Ooit zullen we ons biologische lichaam verlaten en in een robot gaan leven. We zullen mensen in robots zijn…
‘Je bent gewond’, wees Timo toen het meisje voor hem stond. Verschrikt keek hij naar de vreemde knik in haar been. Twee metalen staven uit haar knie wezen naar de buitenkant.
‘Het stelt niks voor’, suste ze. Een wolk van gensters sproeide rond haar mond.
Opeens drong een afgrijselijke waarheid tot Timo door.
Dit meisje was niet van vlees en bloed…
Na het gedwongen afscheid van zijn mysterieuze vriend Andolome heeft de veertienjarige Timo het heel moeilijk. Zelfs thuis lukt het nauwelijks. Zijn ouders nemen het telkens weer voor April op, hun nieuwe logee, terwijl Timo het absoluut niet goed met haar kan vinden.
April aarzelt dan ook niet om Timo op alle mogelijke manieren heel bang te maken.
Wanneer Timo in de klas grijze schimmen begint te zien, wordt hij naar een psychiater gestuurd. Die beweert dat Timo last heeft van waarnemingsstoornissen. Alleen weet Timo wel beter.
Dan dreigt zijn menselijke brein samen te smelten met technologie… en barst de hel los…

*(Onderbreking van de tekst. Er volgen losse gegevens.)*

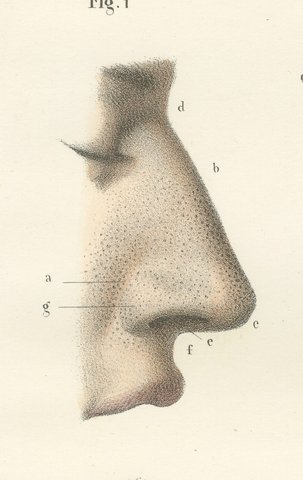 The External Nose and Its Cartilages, Antique Hirschfeld Anatomy Print, 1866, view 5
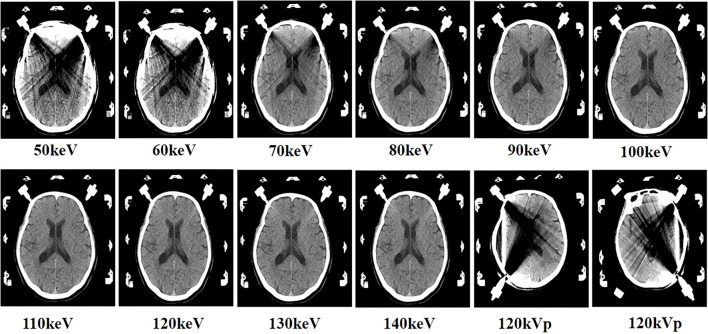 Comparison of Image Quality and Radiation Dose Between Single-Energy and Dual-Energy Images for the Brain With Stereotactic Frames on Dual-Energy Cerebral CT.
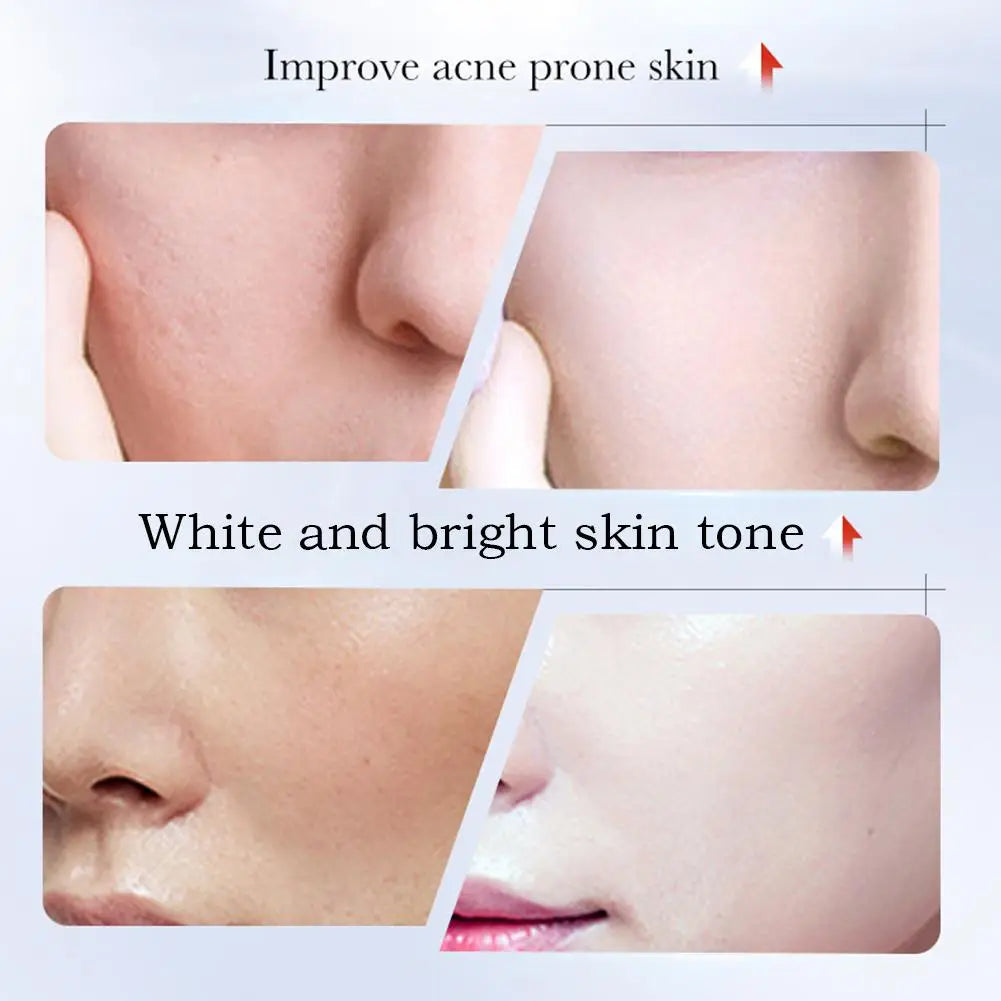 SADDER Kojic Acid Face Cream for Dark Spots Freckles Skin Care with Vitamin C, Whitening Treatment, Overnight Repair Moisturizer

Marina Defauw laat in ‘Het robotmeisje’ zien dat robots heel nuttig kunnen zijn, maar dat het ook griezelig fout kan lopen.
Volgens wetenschappers is het gedrag van robots in bepaalde omstandigheden niet altijd voorspelbaar. Stephen Hawking en Elon Musk waarschuwden al voor de gevaren van artificiële intelligentie. Vandaar de vraag hoe slim robots mogen worden.
‘Het robotmeisje’ is het vervolg van ‘Panfluit met gouden noten’, maar kan als afzonderlijk boek gelezen worden.